Es ist also ein Detail in der Kette der Entscheidung des Kunden, ob es ein Verbrenner oder ein Elektroauto sein soll?

Ralph Kollinger: Das ist im Moment noch so. Für den Kunden ist es ja die Frage, was zu ihm und seinen Bedürfnissen am besten passt. 

Der Begriff der Dienstleistung im mobilen Bereich – können Sie das etwas ausführen?

Ralph Kollinger: Der Slogan bei uns in der Kollinger-Gruppe heißt schon seit zwei Jahren: Mobilität für Südbaden. Das bedeutet, wir verstehen uns als Mobilitätsdienstleister. Das heißt, bei uns kann man klassisch Autos kaufen, finanzieren oder leasen, in der herkömmlichen Form. Wir haben Neuwagen und Gebrauchtwagen, alles wie gehabt. Wir können aber auch individuelle Angebote machen. Bei uns kann man auch Fahrzeuge mieten oder abonnieren. Dies alles verschmilzt immer mehr ineinander. Grundsätzlich ist alles dynamisch. Wir müssen als Dienstleister ebenfalls dynamisch sein.

Was hat sich denn beim „Heiligs Blechle“ in den Ansprüchen der Kunden vor allem geändert?

Ralph Kollinger: Die überwiegende Zahl der Leute, wenn sie nicht gerade in Metropolen leben, braucht nach wie vor ein Auto. Früher war vielleicht mehr die PS-Zahl und die Chrom-Auspuffe wichtig und heute eher der digitale Komfort. Wenn man sich heute in einen modernen Volvo setzt – kaum einer hat so ein Wohnzimmer, etwa wenn jemand Musik genießen will. Da musst du dich schon strecken, das zu Hause auch so zu haben.

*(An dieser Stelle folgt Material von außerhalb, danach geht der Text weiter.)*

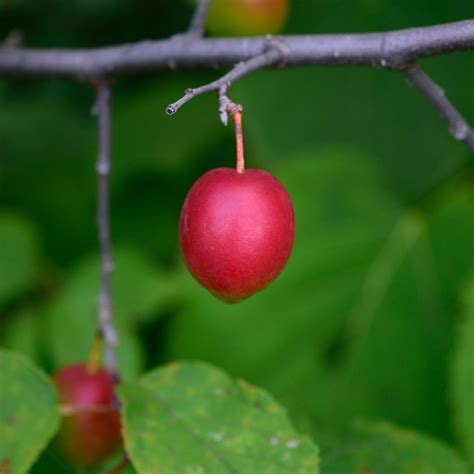 Edible Native Plants for sale at Direct Native Plants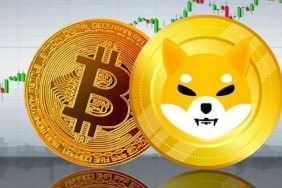 Çok Kez Bildi! ‘BTC ve SHIB Şubat’ta Bu Seviyelerde’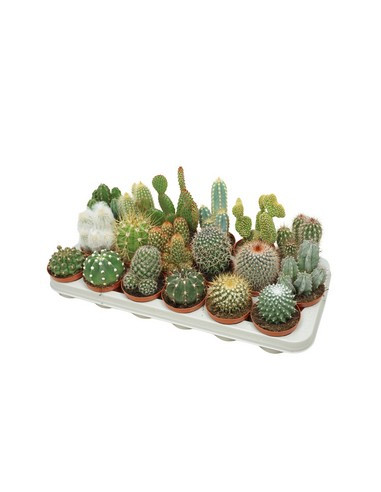 CACTUS MIX T8,5CM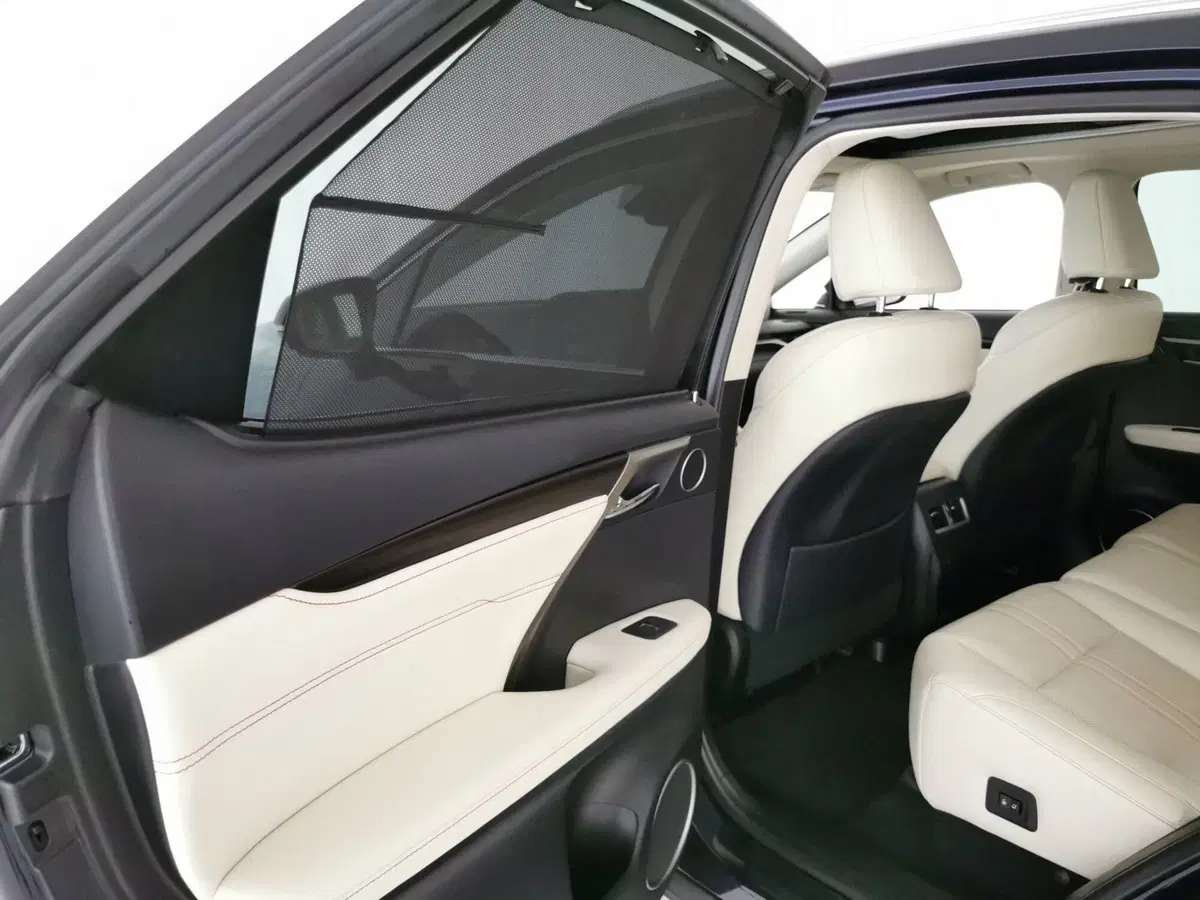 Lexus RX usata a Roma (20)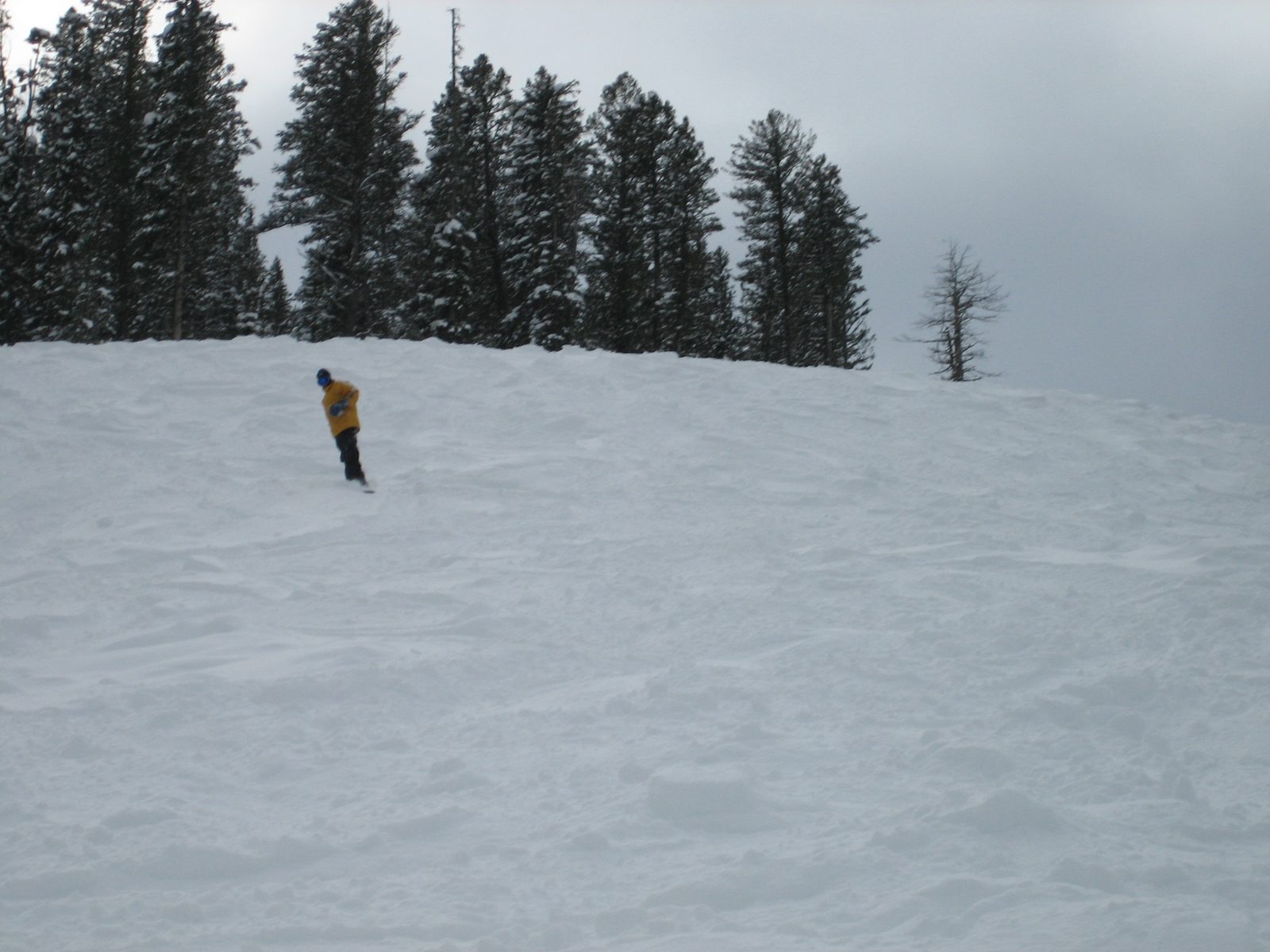 Jay cruising in the pow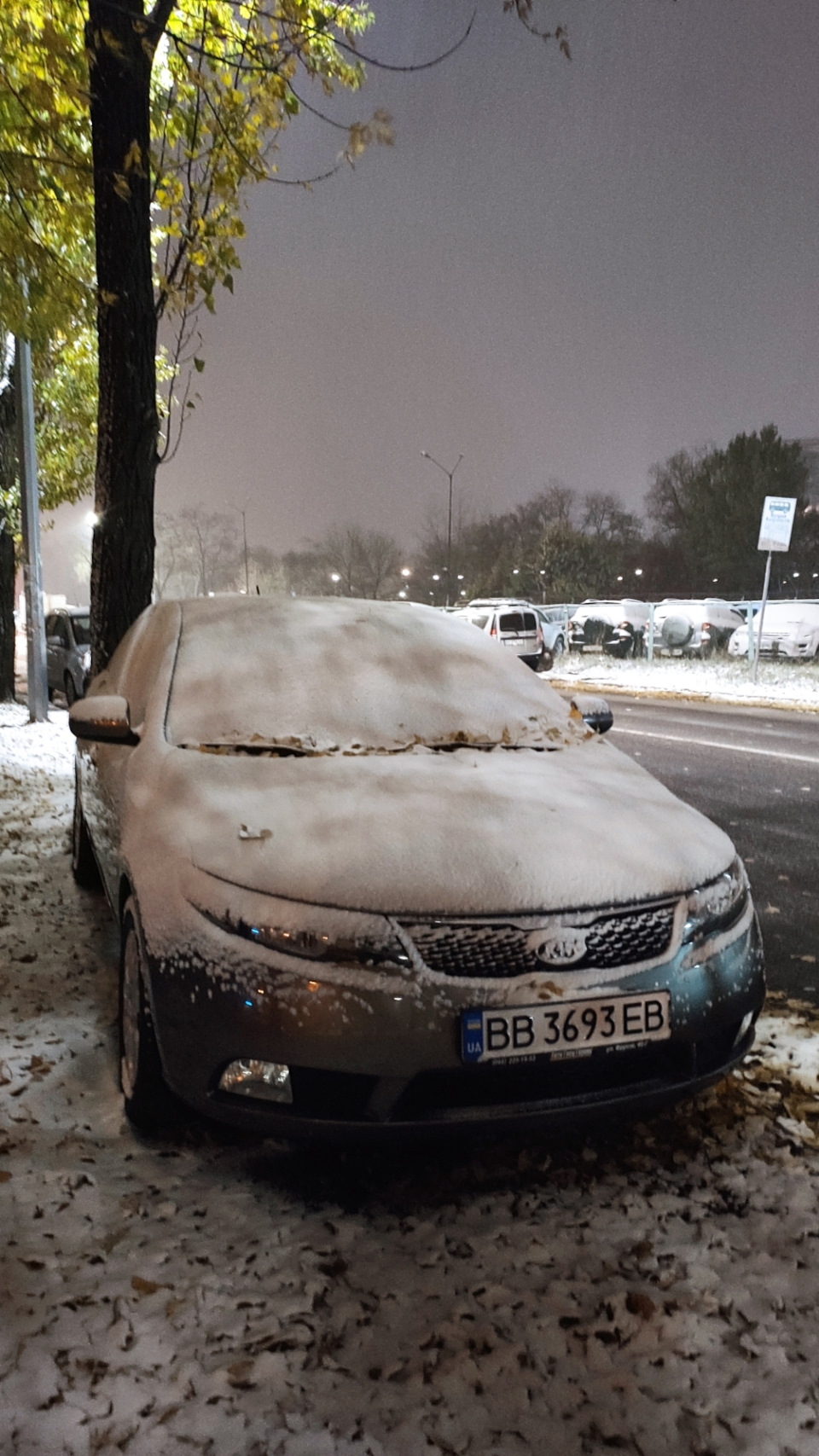 Багато дрібниць до зими 2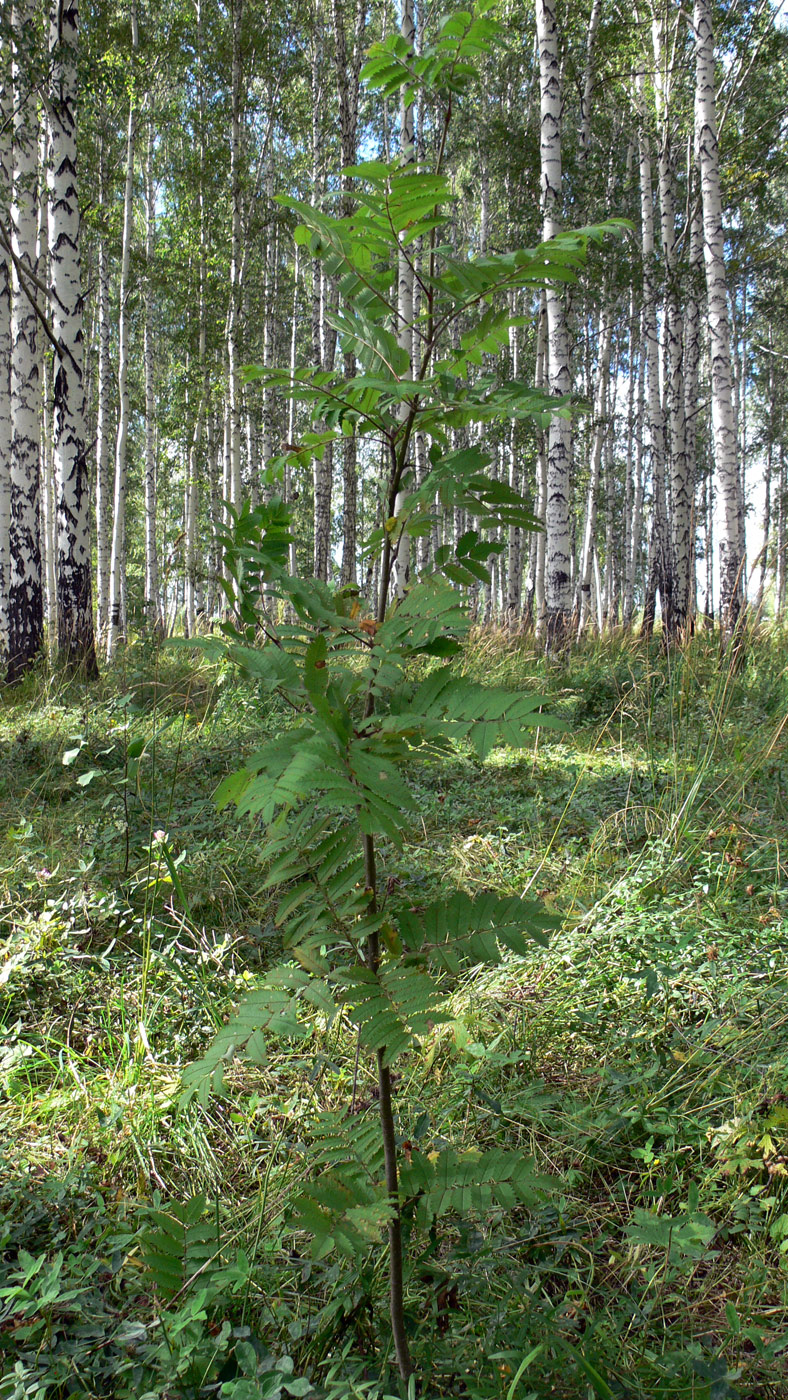 Image of Sorbus sibirica specimen.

Wie sehr hat die Branche und auch die Händler die Corona-Krise getroffen?

Ralph Kollinger: Die Branche gesamt, wenn man es weltweit sieht, hat das brachial getroffen. Denn wir sind eine Branche der Lieferketten, wo alles von irgendwo her kommt. Wenn das nicht mehr funktioniert, weil,Grenzen geschlossen sind, ist dieses sensible System am Abgrund. 

Und wie ist das für Sie selbst?

Ralph Kollinger: Für uns war sehr traurig, dass die Kunden aus der Schweiz und Frankreich nicht mehr kommen durften. Was uns und der Branche extrem weh getan hat, war die temporäre Schließung der Zulassungsstellen. Wir selbst als Kollinger-Gruppe haben bis heute keinen einzigen Mitarbeiter keinen Tag lang in Kurzarbeit gehabt. Da gab es einen tollen Schulterschluss.